Donald Trump a annoncé ce matin sur Twitter qu'il tiendra le 15 décembre avec trois de ses enfants sa première conférence de presse depuis le mois de juillet. Le sujet : la façon dont il entend s'y prendre pour se séparer de son empire immobilier et commercial pendant sa présidence afin d'éviter tout conflit d'intérêts.

Publié le 30 nov. 2016
Richard Hétu

Durant sa campagne présidentielle, le milliardaire new-yorkais a déclaré qu'il entendait confier à ses enfants la gestion de cet empire qui se déploie dans plus de 20 pays et dont les prêteurs ne sont pas tous connus. Dans un de ses gazouillis ce matin, il a précisé qu'il se retirerait «totalement des opérations de gestion des affaires».

Une telle solution ne remettrait pas en question les investissements du 45e président dans son empire et n'éliminerait pas la possibilité de décisions prises par lui pour favoriser ses intérêts personnels et ceux de ses enfants. Ceux-ci, faut-il préciser, jouent déjà un rôle important au sein de l'équipe de transition du président désigné, participant notamment à des conversations téléphoniques ou à des rencontres avec des chefs de gouvernement ou d'État étrangers.

Le président est exempté des lois fédérales sur les conflits d'intérêts. La plupart des occupants de la Maison-Blanche ont cependant voulu éloigner tout soupçon de conflit d'intérêts en plaçant leur entreprise ou leurs intérêts dans une fiducie sans droit de regard.

Selon plusieurs experts, Trump devrait se résoudre, pour éliminer tout soupçon, à vendre ses parts dans son empire et à mettre son argent dans une fiducie sans droit de regard. Il doit non seulement éviter toute apparence de conflit d'intérêts mais également toute possibilité d'enfreindre la clause constitutionnelle qui interdit à quiconque exerce «une fonction publique» d'accepter des cadeaux ou émoluments d'un «prince, roi ou État étranger», sans l'accord du Congrès.
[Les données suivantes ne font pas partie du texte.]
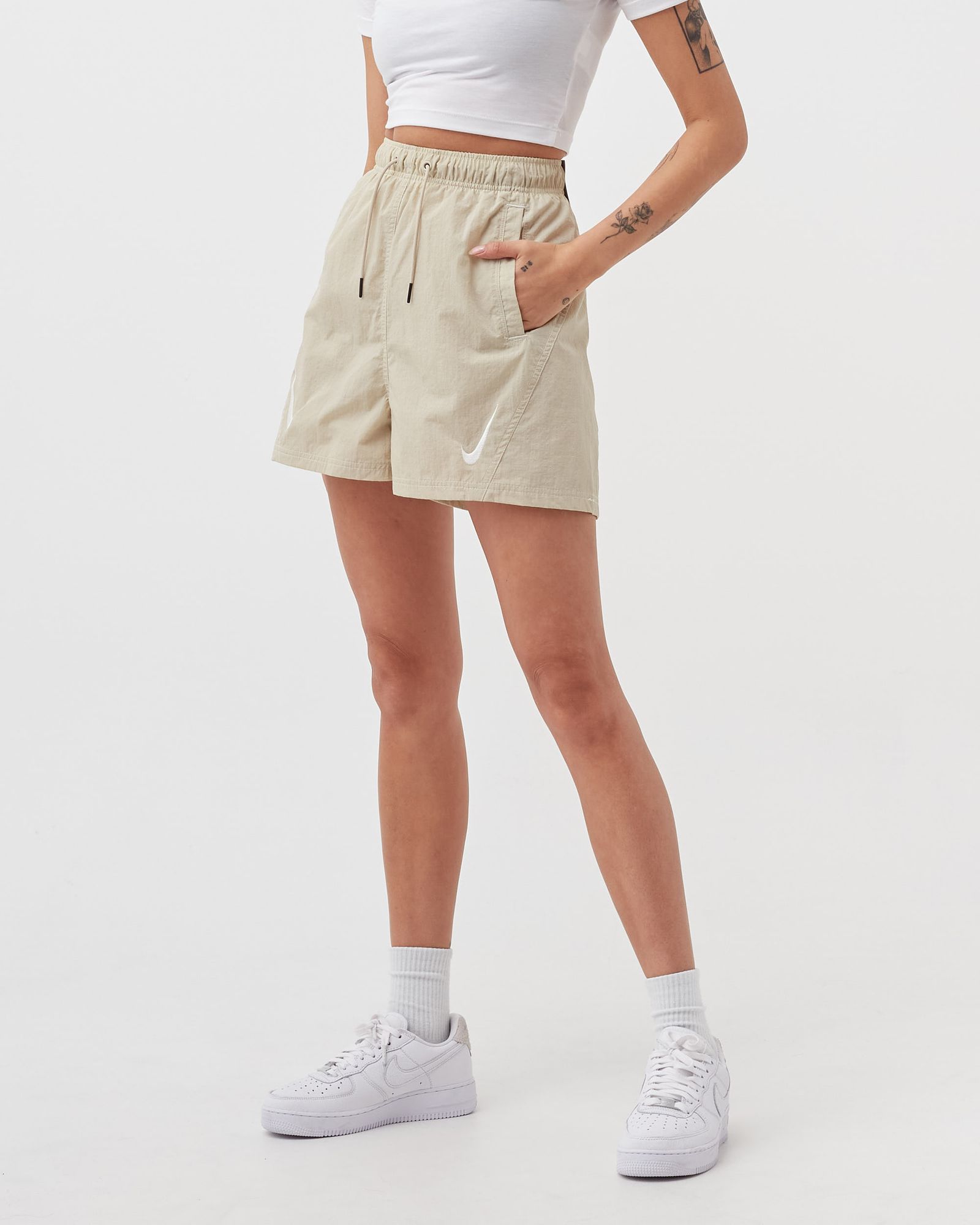 WMNS NSW SWOOSH WOVEN GRAPHIC SHORTS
Or, en louant des espaces à bureaux dans la Tour Trump à la Banque de Chine, par exemple, le 45e président pourrait contrevenir à cette clause dite des «émoluments». Il ne s'agit là que d'un exemple parmi d'autres de conflits d'intérêts potentiels.

Autre exemple : la Trump Organization doit des centaines de millions de dollars à la banque Goldman Sachs. Or, non seulement le 45e président s'est-il déjà entouré de deux anciens banquiers de cette institution dont il a dénoncé l'influence néfaste, mais il pourrait également confier au président et directeur des opérations de Goldman Sachs, Gary Cohn, le poste de directeur du Bureau du budget et de la gestion.